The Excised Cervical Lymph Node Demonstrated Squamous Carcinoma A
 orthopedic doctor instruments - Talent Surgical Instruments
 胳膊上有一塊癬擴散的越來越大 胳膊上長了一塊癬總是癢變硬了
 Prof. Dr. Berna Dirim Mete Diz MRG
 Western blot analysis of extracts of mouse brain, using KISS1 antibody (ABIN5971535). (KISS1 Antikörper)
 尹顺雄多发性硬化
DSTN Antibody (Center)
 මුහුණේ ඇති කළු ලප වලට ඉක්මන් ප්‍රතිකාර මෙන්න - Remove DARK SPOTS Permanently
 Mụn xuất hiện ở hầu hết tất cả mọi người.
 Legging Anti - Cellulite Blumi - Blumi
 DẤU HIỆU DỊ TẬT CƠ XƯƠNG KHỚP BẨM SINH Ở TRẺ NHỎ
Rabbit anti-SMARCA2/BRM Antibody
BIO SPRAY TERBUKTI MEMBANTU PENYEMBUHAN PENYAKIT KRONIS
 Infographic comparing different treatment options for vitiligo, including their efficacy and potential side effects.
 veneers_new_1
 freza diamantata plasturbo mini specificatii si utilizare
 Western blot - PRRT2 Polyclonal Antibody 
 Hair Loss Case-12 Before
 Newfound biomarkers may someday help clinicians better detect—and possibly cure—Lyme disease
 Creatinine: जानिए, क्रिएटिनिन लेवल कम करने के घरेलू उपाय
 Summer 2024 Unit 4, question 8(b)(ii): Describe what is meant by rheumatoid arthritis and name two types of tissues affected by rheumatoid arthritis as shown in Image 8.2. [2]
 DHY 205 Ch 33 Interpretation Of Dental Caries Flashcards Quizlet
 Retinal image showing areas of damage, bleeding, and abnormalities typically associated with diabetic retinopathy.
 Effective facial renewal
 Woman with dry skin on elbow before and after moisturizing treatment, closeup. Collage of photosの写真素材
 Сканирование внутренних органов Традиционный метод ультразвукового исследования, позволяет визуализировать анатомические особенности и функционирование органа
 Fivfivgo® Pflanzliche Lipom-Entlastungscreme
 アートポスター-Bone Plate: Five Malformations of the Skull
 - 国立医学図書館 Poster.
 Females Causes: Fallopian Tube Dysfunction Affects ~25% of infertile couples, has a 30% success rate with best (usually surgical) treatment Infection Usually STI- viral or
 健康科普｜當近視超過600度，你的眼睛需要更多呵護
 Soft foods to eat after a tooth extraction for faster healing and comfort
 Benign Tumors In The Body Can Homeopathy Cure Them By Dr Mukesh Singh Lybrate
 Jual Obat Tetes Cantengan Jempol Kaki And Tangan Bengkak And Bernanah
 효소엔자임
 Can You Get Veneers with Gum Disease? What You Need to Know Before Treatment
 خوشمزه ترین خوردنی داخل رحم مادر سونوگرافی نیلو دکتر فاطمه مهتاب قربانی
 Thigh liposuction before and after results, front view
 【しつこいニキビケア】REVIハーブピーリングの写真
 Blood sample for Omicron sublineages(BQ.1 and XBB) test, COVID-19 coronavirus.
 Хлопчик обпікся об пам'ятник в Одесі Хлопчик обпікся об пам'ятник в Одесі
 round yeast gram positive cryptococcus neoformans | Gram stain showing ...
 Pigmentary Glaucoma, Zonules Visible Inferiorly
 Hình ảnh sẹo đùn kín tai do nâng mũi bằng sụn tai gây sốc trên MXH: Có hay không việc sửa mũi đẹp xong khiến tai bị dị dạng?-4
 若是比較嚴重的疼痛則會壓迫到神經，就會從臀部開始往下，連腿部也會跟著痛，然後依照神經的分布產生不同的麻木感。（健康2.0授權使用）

TASK ITEM:
A verbatim transcription is needed of the lines above, starting at the line with "Hair Loss Case-12 Before" and ending at the line with "Effective facial renewal", both included, and of nothing else.

ANSWER FOR THIS EXERCISE:
 Hair Loss Case-12 Before
 Newfound biomarkers may someday help clinicians better detect—and possibly cure—Lyme disease
 Creatinine: जानिए, क्रिएटिनिन लेवल कम करने के घरेलू उपाय
 Summer 2024 Unit 4, question 8(b)(ii): Describe what is meant by rheumatoid arthritis and name two types of tissues affected by rheumatoid arthritis as shown in Image 8.2. [2]
 DHY 205 Ch 33 Interpretation Of Dental Caries Flashcards Quizlet
 Retinal image showing areas of damage, bleeding, and abnormalities typically associated with diabetic retinopathy.
 Effective facial renewal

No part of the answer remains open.